Early in 1916 the UI designed a longer-range minelayer (Project 44) based partly on its new ocean U-boat (Project 43), but with mine stowage adapted from the earlier and much smaller Project 38 minelayer. Submerged range was less than that of a Mobilisation U-boat because the mines took up space which would otherwise have gone for fuel. In April 1916 the UI and the Navy Office laid out contracts for delivery in 1917. The UI decided to stop building Mobilisation boats (the last of which would be delivered in the summer of 1917), shifting to the new types. There was sufficient capacity for twenty-four Project 42, but instead the UI planned twelve Project 42 (U 127–U 138) and ten Project 45 minelayers (U 117–U 126).74 Unfortunately it was soon evident that the big new U-boats would take longer to build than expected, leaving a three-month gap in deliveries between the summer and autumn of 1917. With two or three large U-boats being lost each month, the UI decided to let an immediate contract for twelve more Mobilisation boats (U 105–U 114). The initial twenty-four UB IIIs (UB 48–UB 71) were ordered for delivery in the first quarter of 1917. With the contracts for the Mobilisation boats and the big U-boats let, the only remaining capacity was for UB IIIs, so UB 72–UB 87 were ordered in September 1916.75
While all this was happening, the Germans’ second attempt at unrestricted U-boat warfare was collapsing due to US pressure after an April 1916 incident. The Prize Rules were reinstated. Since the presence of so many warships in the Channel and the North Sea made that dangerous, interest turned to more distant waters. The Admiralstab asked the TI to design a U-cruiser capable of fighting an armed merchant ship, which up to that point had been an antidote to any U-boat operating on the surface. Although the trade campaign soon collapsed altogether (U-boats were reassigned to support the High Seas Fleet directly), the project survived, since it was reasonable to assume that operations under the Prize Rules would soon resume. In May 1916 the Admiralstab asked the UI to design and built a big long-range high-performance U-boat: Project 46. As usual, the problem was to provide enough power. MAN was sketching a 3000bhp diesel, but for the time being the designers had to make do with the current 1650–1750bhp type (there could be no question of steam power, as in the British ‘K’ boats); surface speed was only 14–15 knots. Range was 12,000nm at 10 knots. In August the UI awarded contracts for three U-cruisers (U 139–U 141).76 In October, when the order was given to resume trade warfare under the Prize Rules, the Navy Office wanted more U-cruisers, so it asked how many could be completed by the spring of 1918. The UI ordered nine more: U 142–U 150 to a slightly modified design (Project 46a).77 Construction of some of the Mobilisation boats was deferred in favour of the new U-cruisers.78 British intelligence became aware of this project; in the autumn of 1916 Admiral Jellicoe and others wrote about the expected extension of the U-boat war to North and probably to South America.
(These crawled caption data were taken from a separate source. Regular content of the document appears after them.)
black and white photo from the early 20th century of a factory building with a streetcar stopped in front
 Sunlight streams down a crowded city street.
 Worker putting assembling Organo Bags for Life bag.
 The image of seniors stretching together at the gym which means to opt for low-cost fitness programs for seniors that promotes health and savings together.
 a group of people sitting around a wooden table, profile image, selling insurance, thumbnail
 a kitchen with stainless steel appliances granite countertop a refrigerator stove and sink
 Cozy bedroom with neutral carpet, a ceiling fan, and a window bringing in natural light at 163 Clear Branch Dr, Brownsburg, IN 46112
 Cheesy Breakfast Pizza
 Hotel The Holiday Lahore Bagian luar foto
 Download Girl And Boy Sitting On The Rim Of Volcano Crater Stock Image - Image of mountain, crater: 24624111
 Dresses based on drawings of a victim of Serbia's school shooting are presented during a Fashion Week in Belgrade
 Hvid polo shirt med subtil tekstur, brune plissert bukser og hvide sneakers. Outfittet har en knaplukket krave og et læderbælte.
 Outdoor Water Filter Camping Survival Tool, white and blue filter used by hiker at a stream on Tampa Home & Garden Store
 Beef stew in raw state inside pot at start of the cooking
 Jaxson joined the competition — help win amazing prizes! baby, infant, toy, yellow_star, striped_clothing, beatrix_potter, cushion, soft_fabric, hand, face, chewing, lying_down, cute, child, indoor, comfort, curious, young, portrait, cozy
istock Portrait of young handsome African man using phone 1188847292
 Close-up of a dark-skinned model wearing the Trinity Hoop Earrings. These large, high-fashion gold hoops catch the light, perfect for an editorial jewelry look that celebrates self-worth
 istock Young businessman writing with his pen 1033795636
At the other end of the scale, the Germans built small submarines of the UB series, initially to operate out of the new base in Flanders. The next series were ocean-going submarines well suited to the North Sea. UB 88 is shown at Mare Island on 23 September 1919. Submarines of this type operated extensively in the Mediterranean.
The UI was also interested in something with better protection, which it called Project P (Panzer, armoured): Project 47. In June 1916 it sketched such a submarine, which would require the projected 3000bhp engines.79 Compared to Project 46, which was already expensive, Project 47 would have cost twice as much, with twice the crew and slightly greater surface endurance. Project 47 was probably offered during the autumn of 1916 to High Seas Fleet commander Admiral Scheer. After Jutland and particularly after his August 1916 sortie, he became convinced that he wanted fast powerful U-boats to provide direct support, in much the way Jellicoe had demanded the ‘K’ boats more than a year earlier. Project 47 was still more or less alive in May 1917, but by then the UI was also interested in something smaller but much faster: Project 50 (K44, the K presumably indicating a cruiser [kreuzer]). Just like the British ‘K’boat, it needed steam power to achieve high surface performance.80 One boat was ordered under War Contract AA (February 1918) as UD 1, but at the end of the war it had not been laid down, overtaken by the priorities set by the unrestricted submarine campaign.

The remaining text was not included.